Figure S2. Training process of CytoRescue. Training was terminated at 30 epochs when both training and validation losses converged after 25 epochs.
Figure S3. Log-normalized mean gene expression comparison between scRNA-seq and snRNA-seq, CytoRescue-predicted counts, scVI-imputed counts, and ALRA-imputed counts in lung samples.
Figure S4. Log-normalized mean gene expression comparison between scRNA-seq and snRNA-seq, CytoRescue-predicted counts, scVI-imputed counts, and ALRA-imputed counts in brain samples.
Figure S5. Gene Ontology Biological Process terms enriched in the genes with greater than 2-fold change in mean expression in CytoRescue-predicted counts compared to snRNA-seq counts in samples from (A) patient #8, and (B) patient #10.
Figure S6. ERBB2 expression in (A) scRNA-seq, (B) snRNA-seq, and (C) CytoRescue-predicted counts. Expression values are log10-normalized.
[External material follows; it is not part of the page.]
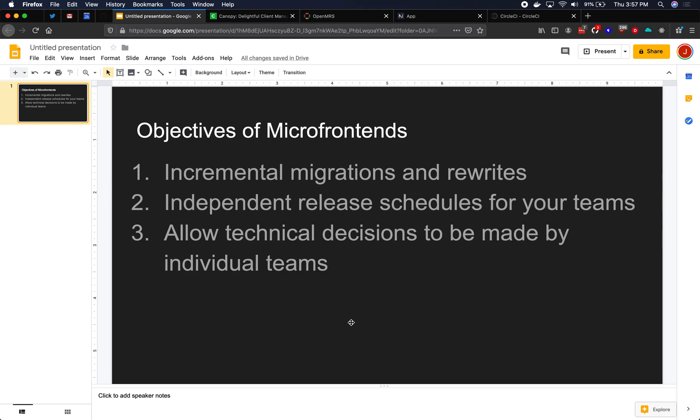They are not as simple as just npm install. You sometimes end up having to rewrite the entire thing just to get there. So with microfrontends, you split your codebase up into microfrontends such that you can rewrite any one of those with exactly zero changes to any other microfrontends.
Table S1. Statistics and summary of training and validation datasets in this study.
Table S2. Pearson’s correlation coefficients of mean gene expression between scRNA-seq and snRNA-seq by three methods: CytoRescue-predicted, scVI-imputed, and ALRA-imputed counts.
Data Availability Statement
The source code of CytoRescue and analysis code involved in this paper is deposited at GitHub and can be accessed.
All the data are publicly available as we described in the Methods section.